Here’s the problem…I’m way too nice of a guy and too good of a father. I actually feel a little guilty about getting the house. I feel a little guilty about my STBX having to start over with nothing. She never had a career to speak of and at 43 she would for the first time be on her own. I know that she should have thought this all out and planned better when she decided she didn’t want to be married anymore…2 yrs ago….but I can’t help wanting to help her out.

In the best interest of my kids, and to help my STBX out, I’m thinking about proposing the following: 
1-Let her stay in the house until June 2016
2-At that point in time, I would have the right (If I choose so) to buy her out. If not, she would have to buy me out or we sell the house
3-The house stays in my name and I pay the mortgage myself out of the alimony I would be paying her
4-As a benefit to me for my sacrifice we would agree to reduce the number of years alimony she would get by some number of years…yet to be determined.

This would help my daughter be as unaffected as possible, and it would give my STBX 2 yrs to get herself on her own feet so that she can provide for our kids in her new place when I buy her out. Right now she is just to confused, scared and uneducated to do so properly in my opinion. I’ve been taking care of her for 14 yrs.

I know this sounds like I’m a huge sucker, but if it helps my daughter…and helps me out financially over the years…..and shows my STBX that there’s no hard feelings so we can still raise our kids together….what’s the harm? A little karma might be a good thing....it just feels like the right thing to do for everyone involved.

I know most answers are going to be to consult an attorney and I will I need to, but I wanted to get a feel of this community on the idea.

Thanks.


----------



## lenzi (Apr 10, 2012)

confused in NJ said:


> I can’t help wanting to help her out.


If you can't help it then why do you seek advice?

Sounds like your decision has already been made and it's not something you can control.

The general consensus of the posters here is to see an attorney and you have yet to do that, you just continue to say "I want to help her and here's my plan, what do you think?".

I think your approach to this whole thing is, and continues to be, rather unhealthy.


----------



## Tron (Jan 31, 2013)

CNJ,

You are acting like a sucker. It is a $hitty plan. 

It sounds to me like you need to stop being a chump and give her what she wants. She has made the offer. Take the house and take the kids. Let her go chase unicorns and rainbows, but make her do it on her own nickel.

Get an attorney and then cut her off to the minimum possible.


----------



## synthetic (Jan 5, 2012)

Are you going to be okay with her bringing another man into the house and having sex with him on your marital bed?


----------



## Conrad (Aug 6, 2010)

Tron said:


> CNJ,
> 
> You are acting like a sucker.
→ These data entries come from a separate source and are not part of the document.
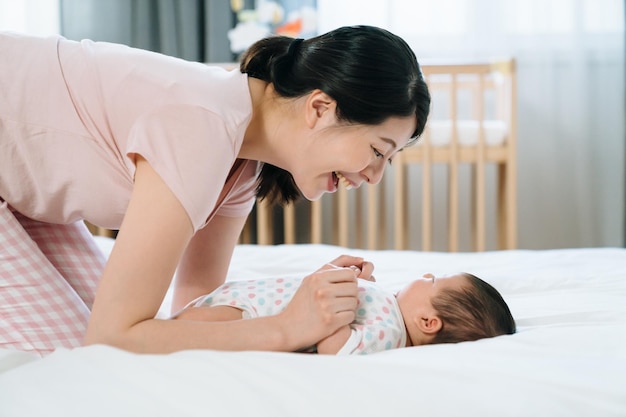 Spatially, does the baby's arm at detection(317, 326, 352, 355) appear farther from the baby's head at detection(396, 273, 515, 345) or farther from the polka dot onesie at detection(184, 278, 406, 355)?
the baby's head at detection(396, 273, 515, 345)

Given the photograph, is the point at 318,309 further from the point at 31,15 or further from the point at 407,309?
the point at 31,15

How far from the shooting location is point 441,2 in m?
3.36

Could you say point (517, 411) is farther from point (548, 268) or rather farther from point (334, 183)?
point (548, 268)

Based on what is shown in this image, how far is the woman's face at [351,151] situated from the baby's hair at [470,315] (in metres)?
0.24

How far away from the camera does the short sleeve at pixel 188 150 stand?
3.31ft

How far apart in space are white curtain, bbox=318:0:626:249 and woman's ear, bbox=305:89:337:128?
226 cm

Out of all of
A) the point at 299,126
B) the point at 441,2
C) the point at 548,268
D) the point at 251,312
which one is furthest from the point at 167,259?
the point at 441,2

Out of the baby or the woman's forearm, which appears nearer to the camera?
the woman's forearm

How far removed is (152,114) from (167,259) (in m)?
0.21

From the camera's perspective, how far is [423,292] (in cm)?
121

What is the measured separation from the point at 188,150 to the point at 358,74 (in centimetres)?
29

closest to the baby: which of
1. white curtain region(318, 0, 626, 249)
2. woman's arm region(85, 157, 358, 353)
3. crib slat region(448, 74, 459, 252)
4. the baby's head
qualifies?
the baby's head

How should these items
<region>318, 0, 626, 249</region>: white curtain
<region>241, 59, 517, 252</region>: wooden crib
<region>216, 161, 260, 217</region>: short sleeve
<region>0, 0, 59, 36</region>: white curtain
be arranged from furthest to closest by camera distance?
<region>318, 0, 626, 249</region>: white curtain → <region>0, 0, 59, 36</region>: white curtain → <region>241, 59, 517, 252</region>: wooden crib → <region>216, 161, 260, 217</region>: short sleeve

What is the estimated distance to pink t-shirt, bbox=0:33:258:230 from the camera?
3.51ft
It is a $hitty plan.
> 
> ...


This


----------



## Conrad (Aug 6, 2010)

confused in NJ said:


> I know that she should have thought this all out and planned better when she decided she didn’t want to be married anymore…2 yrs ago….but I can’t help wanting to help her out.
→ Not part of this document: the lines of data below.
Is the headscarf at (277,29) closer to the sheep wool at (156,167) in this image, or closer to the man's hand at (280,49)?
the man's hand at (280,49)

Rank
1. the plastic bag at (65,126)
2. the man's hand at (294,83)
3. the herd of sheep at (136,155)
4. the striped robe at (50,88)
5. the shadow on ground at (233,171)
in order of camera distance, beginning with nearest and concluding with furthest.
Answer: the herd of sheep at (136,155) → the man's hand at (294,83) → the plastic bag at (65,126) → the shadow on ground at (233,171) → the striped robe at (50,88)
Why don't you sit with this awhile and realize what it means for you?


----------



## smallsteps (Feb 23, 2013)

Go see a lawyer. You're going to be stuck for lifetime alimony. That's a well known fact in nj and I'm sure she knows it. The judge may even tack rehabilitation alimony on for a couple of years until she can get an education to get a well paying job.
I'll say it one more time, there are plenty of firms who do free 1 hr consults in nj. Go see a lawyer!!!!
_Posted via Mobile Device_


----------



## 3Xnocharm (Jun 22, 2012)

confused in NJ said:


> In the best interest of my kids, and to help my STBX out, I’m thinking about proposing the following:
> 1-Let her stay in the house until June 2016
> 2-At that point in time, I would have the right (If I choose so) to buy her out. If not, she would have to buy me out or we sell the house
> 3-The house stays in my name and I pay the mortgage myself out of the alimony I would be paying her
> ...


YES, you are a HUGE SUCKER. This plan SUCKS! No lawyer is going to get behind you on this! Stop sympathizing with this woman and get your head out of the sand! You need to get back into that house NOW and tell her that since SHE is the one who wants to end the marriage then SHE needs to move out. PERIOD. I have always been of the belief that the one who WANTS out, GETS out. I have done it twice myself. Take the house, take the kids, and STOP feeling sorry for someone who doesnt love you, is manipulating you, and most likely CHEATING on you. 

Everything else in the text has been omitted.